Sometimes the natives build a house strong enough to last during the whole winter, and large enough to hold seven or eight people. They make it in the shape of a bee-hive.
Their reason for moving about continually, is that they may get food. They look for it, wherever they go, digging up roots, and grubbing up grubs, and searching the hollows of the trees for opossums. (Of these strange animals more shall soon be mentioned.)
The women are the most ill-treated creatures in the world. The men beat them on their heads whenever they please, and cover them with bruises. A gentleman once saw a poor black woman crying bitterly. When he asked her what was the matter, she told him that her husband was going to beat her for having broken his pipe. The gentleman went to the husband, and entreated him to forgive his “gin” (for that is the name for a wife or woman). But the man declared he would not forgive her, unless a new pipe was given to him. The gentleman could not promise one to the black man, as there were no pipes to be had in that place. The next morning the poor gin appeared with a broken arm, her cruel husband having beaten her with a thick stick.
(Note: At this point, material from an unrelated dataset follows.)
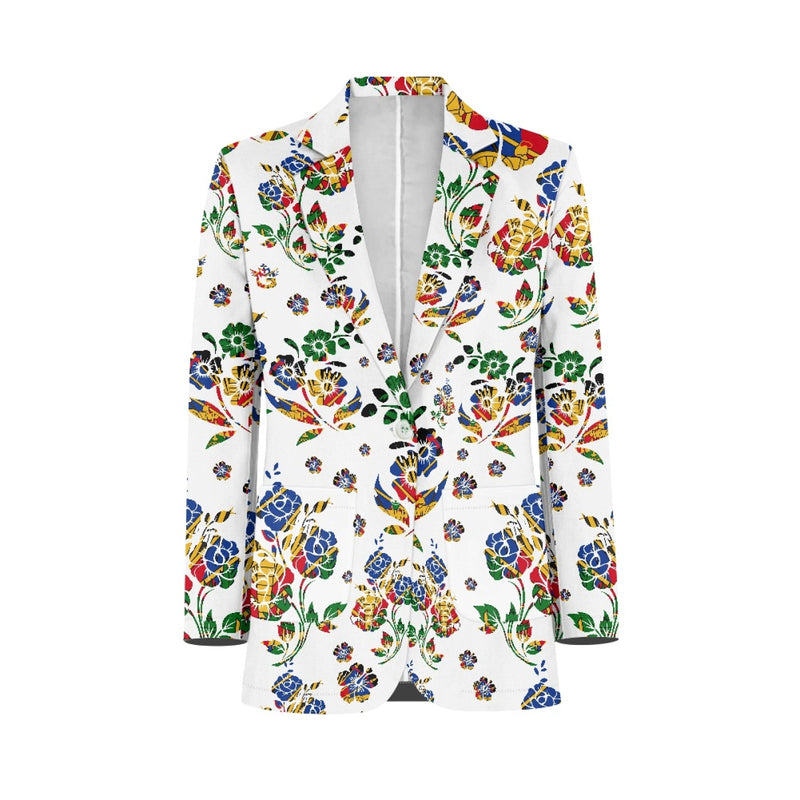 TMMG HAITI HAITIAN FLAG WHITE CHOUBLAK HIBISCUS FLOWER BLAZER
The miserable gins are not beaten only; they are half starved; for their husbands will give them no food, and they—poor things—cannot fish or hunt, or shoot; they have nothing but the roots they dig up, and the grubs, and lizards, and snakes they find on the ground. Their looks show how wretchedly they fare; for while the men are often strong and tall, the women are generally thin, and bent, and haggard.
Yet the woman, weak as she is, carries all the baggage, not only the babe slung upon her back, but the bag of food, and even her husband’s gun and pipe; while the man stalks along in his pride, with nothing but his spear in his hand, or at most a light basket upon his arm; for he considers his wife as his beast of burden. At night the woman has to build her own shelter, for the man thinks it quite enough to build one for himself.
Such is the hard lot of a native woman, while she lives; and when she dies, her body is perched in a tree, as not worth the trouble of burying.
I have already told you, that the natives have no GOD; yet they have a DEVIL, whom they call Yakoo, or debbil-debbil. Of him they are always afraid, for they fancy he goes about devouring children. When any one dies, they say, “Yakoo took him.” How different from those happy Christians who can say of their dead, “God took them!”